11. Konseling Lintas Agama dan Budaya merupakan suatu proses pemberian
bantuan: menolong antara konselor dan konseli (individu-komunitas) yang
berbeda latar belakang agama dan budaya. Perbedaan-perbedaan
memungkinkan terjadinya interaksi antar budaya yang berbeda. Olehnya itu,
konseling menurut supriadi adalah perjumpaan antar budaya.
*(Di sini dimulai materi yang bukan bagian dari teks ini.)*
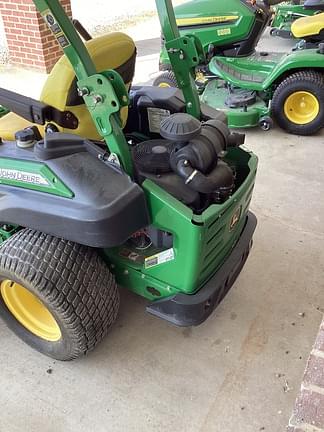 Image of John Deere Z930M equipment image 3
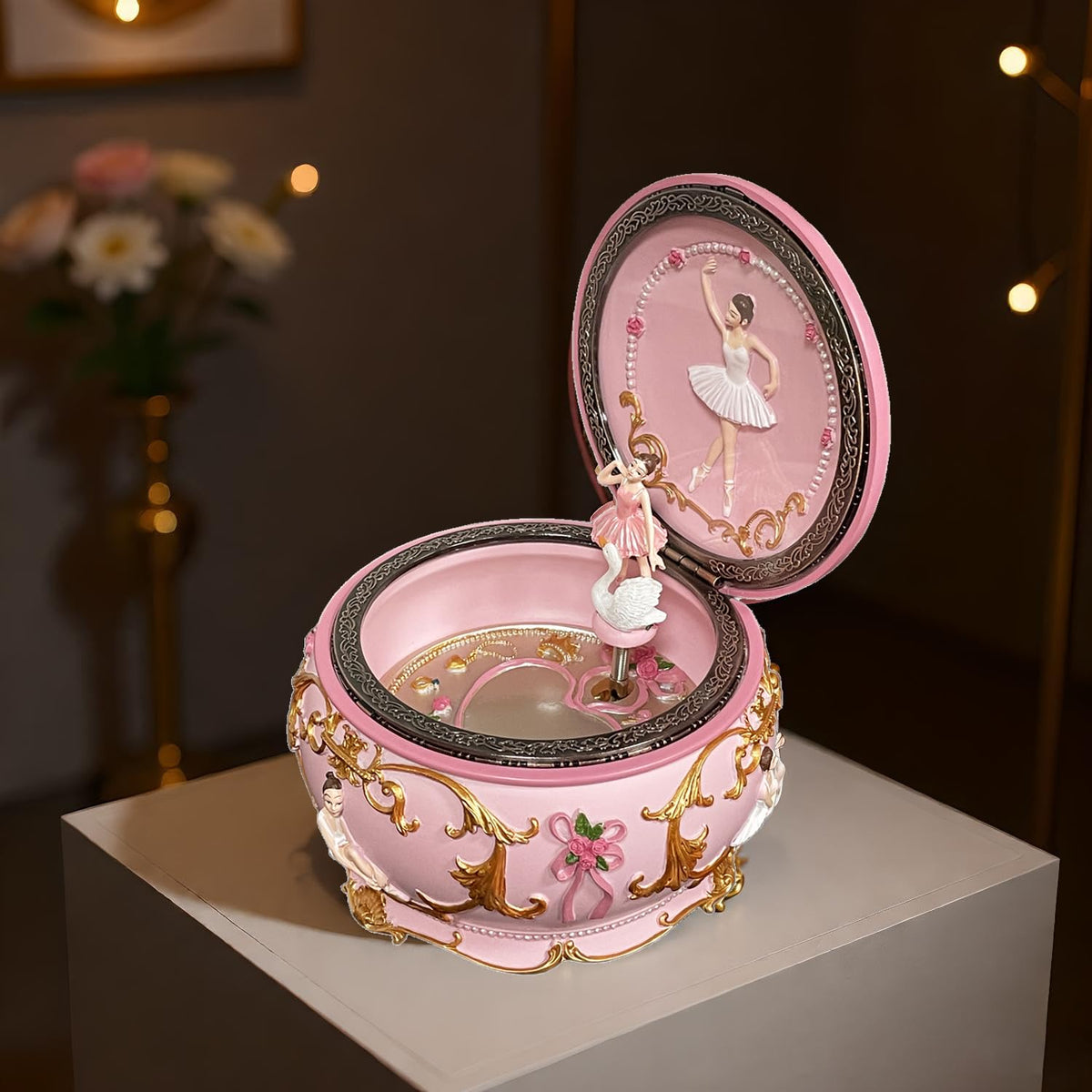 Briskfeel music box uses 18-note Sankyo movement for refined melodies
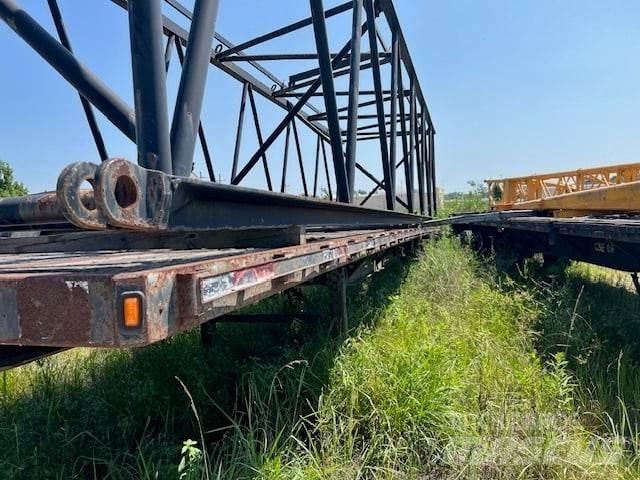 Manitowoc  Booms and arms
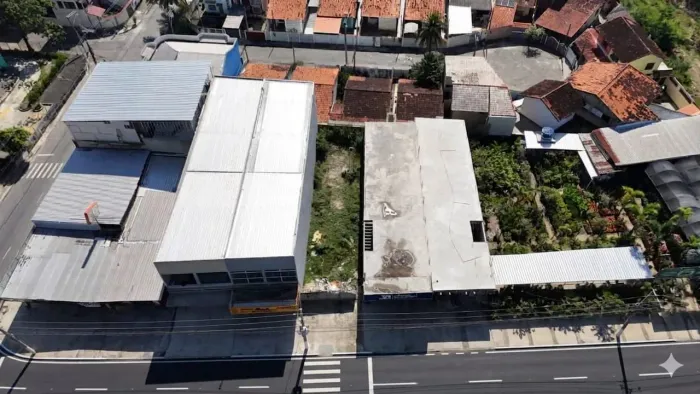 Terreno Comercial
Menyikapi
aspek persamaan budaya, konseling lintas agama dan budaya juga dapat
terjadi atas dasar pemahaman bahwa individu-komunitas berbudaya tetapi
memiliki keunikan (sifat unik budaya).
12. Konseling lintas agama dan budaya harus mempertimbangkan aspek latar
belakang agama dan budaya, dan nilai-nilai yang dianut konselor dan konseli.
Latar belakang tersebut mempengaruhi dan menentukan proses, pendekatan
dan teknik konseling. Artinya, berbagai pendekatan yang telah berkembang
secara historis dan dalam konteks budaya barat (Individualtistik) dapat
kurang sesuai dan bahkan menghambat proses konseling khusus dalam
konteks Indonesia yang memiliki sifat-sifat budaya yang kolektif. Karena itu,
72
konseling lintas agama dan budaya mesti memperhitungkan pendekatan-
pendekatan yang bersumber dari budaya asli masyarakat.
13. Konselor lintas agama dan budaya juga harus memiliki kompetensi atau
ketrampilan yang berwawasan lintas agama dan budaya, diantaranya yakni,
sadar dan menerima perbedaan dan persamaan nilai-nilai sosio-budaya yang
dimiliki konselor-konseli; sadar tentang kaidah, terutama tentang
implementasi pendekatan-pendekatan dan teknik konseling; konselor dalam
melaksanakan konseling harus mempergunakan pendekatan eklektik;
kesadaran konselor akan nilai-nilai budaya yang dimiliki konseli dapat
dijadikan landasan untuk melaksanakan konseling; menjadi pengetahuan,
terkait dengan budaya yang sebaiknya harus dikembangkan dan tentang
bagaiman konteks sosio-politik dan sosio-budaya dari kelompok etnis tertentu
mempengaruhi proses konseling, dan keterampilan membangun hubungan
dengan individu yang berasal dari latar belakang etnis yang berbeda.